Minggu, 08 Mei 2011

90-2010. Bagaimana Hamba Tak Menangis

90-2010. Bagaimana Hamba Tak Menangis

                 Oleh
                 Hamdi Akhsan


I
Kekasih,
Bagaimana hamba tak menangis pilu.
Bila peringatan akan azab-Mu dianggap angin lalu.
Para penyeru kebenaran dan  pemberi peringatan lidahnya kelu.
Dan Dajjal pun telah menjelma kalahkan ajaran suci Nabi-Mu sejak dahulu.

Bagaimana jiwa ini tidak  tenggelam dalam kepedihan yang begitu dalam.
Bila para pencinta-Mu tak memegang panji seperti di masa silam.
Tak lagi pilih munajad sunyi dalam dinginnya malam.
Dan serahkan diri pada Penguasa Alam.

II
Kekasih.
Kini para pendusta dengan pongahnya tertawa diatas kepedihan kami.
Bunga-bunga harapan kini  telah gugur dan gagal  untuk bersemi.
Akar mereka  lemah dan sangat mudah tercerabut dari bumi.
Atau bagaikan gugurnya daun tatkala berakhir musim semi.

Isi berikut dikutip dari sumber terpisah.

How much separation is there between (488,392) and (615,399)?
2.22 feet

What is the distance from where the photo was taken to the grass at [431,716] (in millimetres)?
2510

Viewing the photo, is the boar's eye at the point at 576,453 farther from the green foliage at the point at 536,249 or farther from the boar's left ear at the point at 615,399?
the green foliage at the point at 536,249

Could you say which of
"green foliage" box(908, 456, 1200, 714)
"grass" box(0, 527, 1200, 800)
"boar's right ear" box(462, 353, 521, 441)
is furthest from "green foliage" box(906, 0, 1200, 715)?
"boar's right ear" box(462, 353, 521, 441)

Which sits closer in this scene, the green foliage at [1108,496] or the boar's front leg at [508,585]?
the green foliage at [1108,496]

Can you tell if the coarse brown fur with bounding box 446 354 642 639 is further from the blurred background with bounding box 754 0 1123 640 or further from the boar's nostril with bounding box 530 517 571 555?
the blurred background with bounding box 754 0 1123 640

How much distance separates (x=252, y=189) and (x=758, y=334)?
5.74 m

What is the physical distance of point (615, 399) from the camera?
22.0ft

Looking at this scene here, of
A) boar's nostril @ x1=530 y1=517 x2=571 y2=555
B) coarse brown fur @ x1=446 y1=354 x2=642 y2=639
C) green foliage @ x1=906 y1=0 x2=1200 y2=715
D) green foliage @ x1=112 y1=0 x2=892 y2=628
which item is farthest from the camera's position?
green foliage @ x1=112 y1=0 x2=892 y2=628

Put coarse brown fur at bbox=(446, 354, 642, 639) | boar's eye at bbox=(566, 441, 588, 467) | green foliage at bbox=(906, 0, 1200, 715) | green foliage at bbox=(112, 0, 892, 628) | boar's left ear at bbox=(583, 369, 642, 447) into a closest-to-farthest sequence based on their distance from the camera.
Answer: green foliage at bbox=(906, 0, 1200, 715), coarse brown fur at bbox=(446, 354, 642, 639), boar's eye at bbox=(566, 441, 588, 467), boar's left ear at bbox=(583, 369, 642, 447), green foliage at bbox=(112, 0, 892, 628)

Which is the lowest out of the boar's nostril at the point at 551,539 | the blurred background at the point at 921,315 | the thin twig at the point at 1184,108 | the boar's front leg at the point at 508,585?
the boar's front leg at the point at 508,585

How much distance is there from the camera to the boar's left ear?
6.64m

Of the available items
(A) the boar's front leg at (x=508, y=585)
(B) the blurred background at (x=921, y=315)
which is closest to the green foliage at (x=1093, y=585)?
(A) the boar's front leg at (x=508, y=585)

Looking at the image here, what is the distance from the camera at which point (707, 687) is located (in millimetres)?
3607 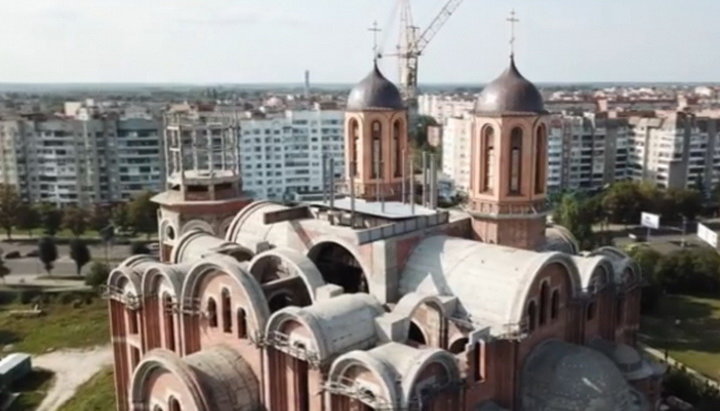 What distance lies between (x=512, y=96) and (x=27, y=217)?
59.3 meters

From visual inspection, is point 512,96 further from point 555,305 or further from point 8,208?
point 8,208

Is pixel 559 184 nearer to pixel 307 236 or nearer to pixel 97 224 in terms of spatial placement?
pixel 97 224

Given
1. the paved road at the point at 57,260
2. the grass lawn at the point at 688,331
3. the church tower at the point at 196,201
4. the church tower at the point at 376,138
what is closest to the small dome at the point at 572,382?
the church tower at the point at 376,138

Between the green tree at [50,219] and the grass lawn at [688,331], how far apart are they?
182 feet

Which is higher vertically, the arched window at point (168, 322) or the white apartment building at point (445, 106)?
the white apartment building at point (445, 106)

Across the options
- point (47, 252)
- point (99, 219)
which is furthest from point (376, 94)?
point (99, 219)

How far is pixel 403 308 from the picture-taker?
68.3ft

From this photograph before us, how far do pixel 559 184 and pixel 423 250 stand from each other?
73516 mm

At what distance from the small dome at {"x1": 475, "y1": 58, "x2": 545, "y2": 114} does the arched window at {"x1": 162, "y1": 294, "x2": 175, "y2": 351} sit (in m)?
13.7

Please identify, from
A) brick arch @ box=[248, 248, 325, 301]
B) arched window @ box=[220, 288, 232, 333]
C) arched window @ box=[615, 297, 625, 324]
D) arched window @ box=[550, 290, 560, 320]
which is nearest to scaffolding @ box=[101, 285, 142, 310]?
arched window @ box=[220, 288, 232, 333]

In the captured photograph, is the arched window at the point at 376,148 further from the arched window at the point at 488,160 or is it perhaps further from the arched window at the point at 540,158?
the arched window at the point at 540,158

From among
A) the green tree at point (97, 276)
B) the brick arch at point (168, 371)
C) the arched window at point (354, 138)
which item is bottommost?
the green tree at point (97, 276)

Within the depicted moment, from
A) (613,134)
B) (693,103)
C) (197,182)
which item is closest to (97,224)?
(197,182)

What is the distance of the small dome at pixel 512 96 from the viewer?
81.9ft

Bagaimana hamba tak menangis bila kami bagaikan buih.
Yang  kala dizalimi  para pembenci-Mu  hanya  merintih.
Entah mengapa jalan pasrah dan lemah yang kini dipilih.
Bukan jalan pasukan para mujahid  yang berjubah putih.

III
Kekasih.
Dalam gempita kegembiraan bala tentara iblis yang menang.
Kurindukan jiwa-jiwa muda pemberani yang sanggup berjuang.
Yang memegang teguh pada kitab-Mu walau cobaan menghadang.
Dan serukan  ajaran kitab suci-Mu di bumi sampai kemenangan  datang.

Mengapa masih percaya, pakaian akan bersih bila dicuci dengan kotoran.
Seperti anggapan generasi yang berkiblat pada ideologi negeri orang.
Sedang ajaran Ilahi yang  pasti benar  ditinggalkan dan dilarang.
Sungguh yang mengaku beriman tersesat dari jalan terang.

IV
Kekasih, dalam peradaban yang terkubur dan kalah.
Bermohon hamba Engkau kirimkan generasi Hizbullah.
Yang  terhadap  tekanan  musuh  tak  pernah  menyerah.
Walaupun kelak harus syahid dijalan-Mu bersimbah darah.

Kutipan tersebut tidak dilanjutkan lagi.